I attach the images up. That Async I/O threads setting kinda helped, my speed went from 12 to 24 which is way better. My configuration: Ryzen 5 3600,WD Blue 1TB SATA-III 7200 RPM, HyperX predator 8GB 3200,rtx 2060
@arugolanu
I edited your posts to put the images in the OP behind clickable tags.
Experiments have shown that SSDs benefit from basically as many hashing threads as you can throw at them. At the same time, there's also no benefit to having more hashing threads than the number of CPU cores (or sometimes Hyperthreading/SMT threads, which in current processors just means further multiplying by 2). Currently, libtorrent spawns 1 hashing thread in every 4 async I/O threads; hence the advice to set async I/O threads to 4 times your CPU cores (4*6 = 24), which in your case would result in 24/4 = 6 hashing threads - one per CPU core.

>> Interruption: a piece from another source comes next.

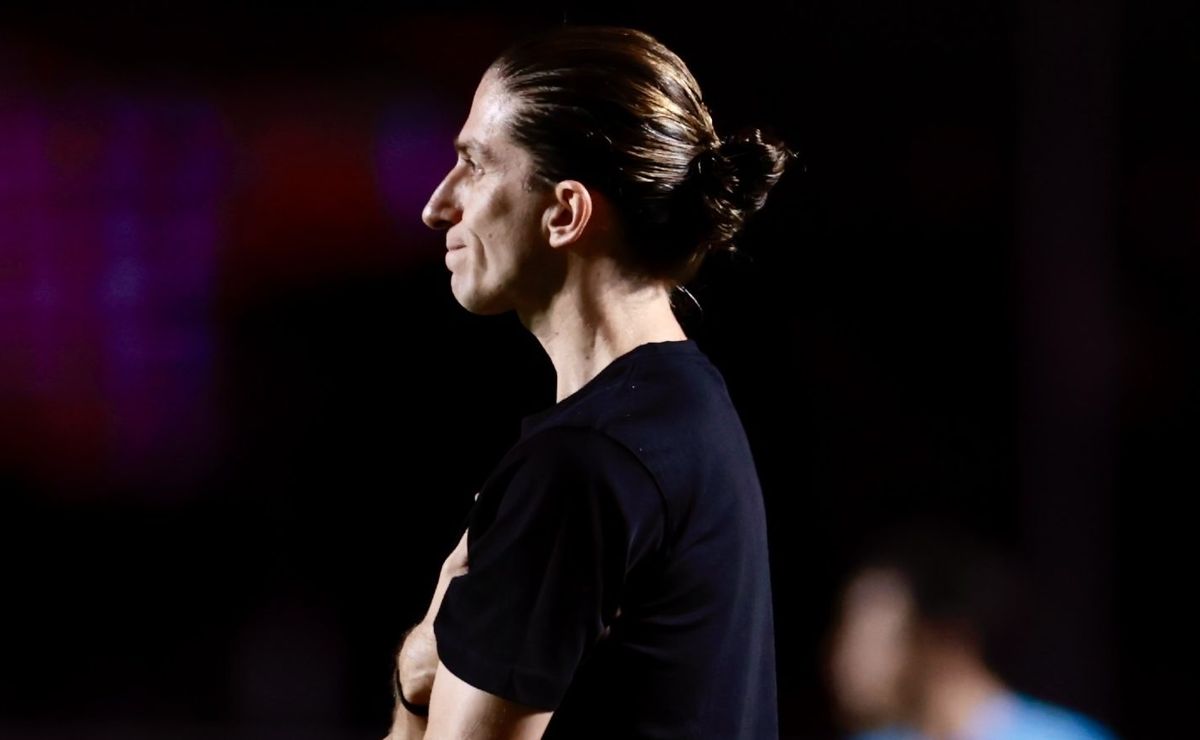 Teimosia ou convicção? Filipe Luís erra em leitura de jogo e Flamengo sofre virada em estreia do Brasileiro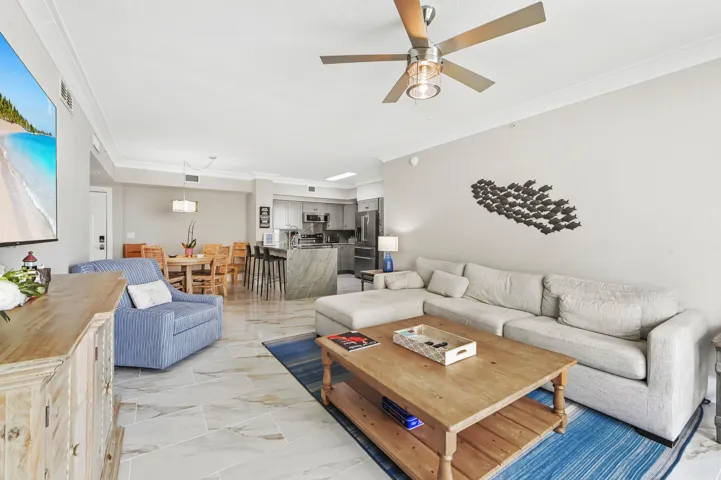 28 Living room 03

On the other hand, HDDs start to choke at 3 or more hashing threads, no matter how fast the CPU is, due to their poor random read/write performance. So, since you have an HDD, you are actually better off setting async I/O threads to 8, which will result in qBittorrent using 2 hashing threads from libtorrent. Furthermore, and HDD will disproportionately benefit from setting "sequential download" ON (for SSDs it basically doesn't matter), and downloading only one torrent at a time (again, this would not be a bottleneck for SSDs).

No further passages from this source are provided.